_PROBLEM DETAILS:_ Repeat exactly the lines of the entries below from the one with "NATURAL FACTORS WELLBETX" through the one with "Cosmic Bard on a Starry Segway Adventure", both ends included, and nothing else.

_DATASET:_
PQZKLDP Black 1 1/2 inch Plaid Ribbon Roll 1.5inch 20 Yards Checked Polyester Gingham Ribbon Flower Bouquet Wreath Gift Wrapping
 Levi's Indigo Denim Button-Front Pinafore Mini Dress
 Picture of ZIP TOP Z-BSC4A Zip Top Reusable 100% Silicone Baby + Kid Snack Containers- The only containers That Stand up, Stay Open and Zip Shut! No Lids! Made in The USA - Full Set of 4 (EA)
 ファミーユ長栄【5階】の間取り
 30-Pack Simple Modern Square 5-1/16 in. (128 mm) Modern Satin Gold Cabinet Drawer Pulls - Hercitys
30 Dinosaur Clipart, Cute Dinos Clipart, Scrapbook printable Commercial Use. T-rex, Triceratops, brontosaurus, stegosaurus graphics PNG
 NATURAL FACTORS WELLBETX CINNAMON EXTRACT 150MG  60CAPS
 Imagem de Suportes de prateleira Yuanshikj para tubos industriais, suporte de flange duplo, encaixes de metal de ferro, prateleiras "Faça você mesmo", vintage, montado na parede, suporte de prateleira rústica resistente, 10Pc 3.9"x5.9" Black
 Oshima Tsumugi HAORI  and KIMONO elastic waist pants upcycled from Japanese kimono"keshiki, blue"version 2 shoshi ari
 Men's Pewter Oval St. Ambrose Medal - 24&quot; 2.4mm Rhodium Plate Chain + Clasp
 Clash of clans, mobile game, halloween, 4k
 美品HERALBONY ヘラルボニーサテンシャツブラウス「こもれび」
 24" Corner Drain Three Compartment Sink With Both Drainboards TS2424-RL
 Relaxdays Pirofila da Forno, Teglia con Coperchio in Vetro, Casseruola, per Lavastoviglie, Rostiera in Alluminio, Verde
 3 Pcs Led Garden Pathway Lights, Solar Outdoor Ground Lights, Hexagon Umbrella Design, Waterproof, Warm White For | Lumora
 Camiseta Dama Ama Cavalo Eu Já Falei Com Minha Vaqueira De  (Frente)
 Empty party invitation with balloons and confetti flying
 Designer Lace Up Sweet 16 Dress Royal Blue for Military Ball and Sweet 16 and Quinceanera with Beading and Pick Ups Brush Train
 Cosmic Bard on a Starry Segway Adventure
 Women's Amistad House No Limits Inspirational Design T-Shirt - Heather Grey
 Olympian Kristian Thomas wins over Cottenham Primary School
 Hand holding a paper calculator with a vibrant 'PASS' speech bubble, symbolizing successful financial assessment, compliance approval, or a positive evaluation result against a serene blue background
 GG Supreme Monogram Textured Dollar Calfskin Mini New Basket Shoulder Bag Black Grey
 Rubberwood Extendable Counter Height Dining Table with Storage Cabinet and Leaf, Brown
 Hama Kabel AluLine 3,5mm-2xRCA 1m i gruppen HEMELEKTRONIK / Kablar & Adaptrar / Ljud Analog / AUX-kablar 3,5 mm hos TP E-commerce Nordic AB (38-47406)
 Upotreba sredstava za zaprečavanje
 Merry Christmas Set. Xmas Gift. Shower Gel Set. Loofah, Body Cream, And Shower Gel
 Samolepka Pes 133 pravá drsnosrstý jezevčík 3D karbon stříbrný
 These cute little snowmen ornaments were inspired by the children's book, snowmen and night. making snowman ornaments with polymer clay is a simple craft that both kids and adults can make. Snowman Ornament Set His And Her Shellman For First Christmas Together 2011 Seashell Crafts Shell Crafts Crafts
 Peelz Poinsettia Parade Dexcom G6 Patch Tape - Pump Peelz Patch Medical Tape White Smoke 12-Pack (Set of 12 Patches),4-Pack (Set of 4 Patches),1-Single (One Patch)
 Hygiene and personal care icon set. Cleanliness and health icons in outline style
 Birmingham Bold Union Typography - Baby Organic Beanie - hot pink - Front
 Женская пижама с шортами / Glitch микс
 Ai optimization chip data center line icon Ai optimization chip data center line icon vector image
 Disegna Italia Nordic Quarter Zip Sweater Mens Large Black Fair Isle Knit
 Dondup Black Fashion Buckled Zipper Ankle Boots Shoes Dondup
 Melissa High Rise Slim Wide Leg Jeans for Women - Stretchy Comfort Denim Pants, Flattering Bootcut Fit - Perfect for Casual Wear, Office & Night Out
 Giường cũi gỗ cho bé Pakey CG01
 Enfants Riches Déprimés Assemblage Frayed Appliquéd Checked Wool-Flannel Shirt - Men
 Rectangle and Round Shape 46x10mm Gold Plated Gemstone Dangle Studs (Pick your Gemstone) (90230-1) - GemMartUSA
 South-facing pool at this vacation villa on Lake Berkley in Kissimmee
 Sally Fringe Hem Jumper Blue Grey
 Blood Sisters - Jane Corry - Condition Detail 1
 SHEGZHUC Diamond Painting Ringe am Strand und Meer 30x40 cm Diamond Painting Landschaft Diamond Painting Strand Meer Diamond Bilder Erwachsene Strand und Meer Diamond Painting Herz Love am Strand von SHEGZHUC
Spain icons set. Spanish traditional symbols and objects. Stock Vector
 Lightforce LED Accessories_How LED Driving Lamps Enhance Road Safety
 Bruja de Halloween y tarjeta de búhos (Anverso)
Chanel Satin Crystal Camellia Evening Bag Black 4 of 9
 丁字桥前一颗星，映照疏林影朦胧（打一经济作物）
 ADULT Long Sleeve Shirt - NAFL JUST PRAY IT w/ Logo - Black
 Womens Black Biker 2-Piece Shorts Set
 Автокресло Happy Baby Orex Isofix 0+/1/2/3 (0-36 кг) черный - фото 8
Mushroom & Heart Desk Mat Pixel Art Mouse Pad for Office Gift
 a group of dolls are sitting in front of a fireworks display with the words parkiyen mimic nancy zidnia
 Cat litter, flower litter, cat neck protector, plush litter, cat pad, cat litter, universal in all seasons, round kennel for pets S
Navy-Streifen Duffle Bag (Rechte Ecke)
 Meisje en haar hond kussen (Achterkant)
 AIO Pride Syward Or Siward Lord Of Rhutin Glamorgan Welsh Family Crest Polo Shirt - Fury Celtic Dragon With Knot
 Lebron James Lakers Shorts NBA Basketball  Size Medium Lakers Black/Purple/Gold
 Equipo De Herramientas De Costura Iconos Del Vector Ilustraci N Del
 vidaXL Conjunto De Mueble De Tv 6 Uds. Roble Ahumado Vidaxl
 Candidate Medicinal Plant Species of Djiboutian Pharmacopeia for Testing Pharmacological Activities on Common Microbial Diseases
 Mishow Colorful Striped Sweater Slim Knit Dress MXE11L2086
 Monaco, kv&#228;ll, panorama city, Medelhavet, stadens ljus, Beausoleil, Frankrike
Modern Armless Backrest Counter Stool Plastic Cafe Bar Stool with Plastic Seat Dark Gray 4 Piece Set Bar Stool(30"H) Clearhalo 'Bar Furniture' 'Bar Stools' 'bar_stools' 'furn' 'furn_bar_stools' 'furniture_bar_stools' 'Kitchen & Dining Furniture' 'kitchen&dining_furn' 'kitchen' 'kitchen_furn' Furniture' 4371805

_SOLUTION:_
 NATURAL FACTORS WELLBETX CINNAMON EXTRACT 150MG  60CAPS
 Imagem de Suportes de prateleira Yuanshikj para tubos industriais, suporte de flange duplo, encaixes de metal de ferro, prateleiras "Faça você mesmo", vintage, montado na parede, suporte de prateleira rústica resistente, 10Pc 3.9"x5.9" Black
 Oshima Tsumugi HAORI  and KIMONO elastic waist pants upcycled from Japanese kimono"keshiki, blue"version 2 shoshi ari
 Men's Pewter Oval St. Ambrose Medal - 24&quot; 2.4mm Rhodium Plate Chain + Clasp
 Clash of clans, mobile game, halloween, 4k
 美品HERALBONY ヘラルボニーサテンシャツブラウス「こもれび」
 24" Corner Drain Three Compartment Sink With Both Drainboards TS2424-RL
 Relaxdays Pirofila da Forno, Teglia con Coperchio in Vetro, Casseruola, per Lavastoviglie, Rostiera in Alluminio, Verde
 3 Pcs Led Garden Pathway Lights, Solar Outdoor Ground Lights, Hexagon Umbrella Design, Waterproof, Warm White For | Lumora
 Camiseta Dama Ama Cavalo Eu Já Falei Com Minha Vaqueira De  (Frente)
 Empty party invitation with balloons and confetti flying
 Designer Lace Up Sweet 16 Dress Royal Blue for Military Ball and Sweet 16 and Quinceanera with Beading and Pick Ups Brush Train
 Cosmic Bard on a Starry Segway Adventure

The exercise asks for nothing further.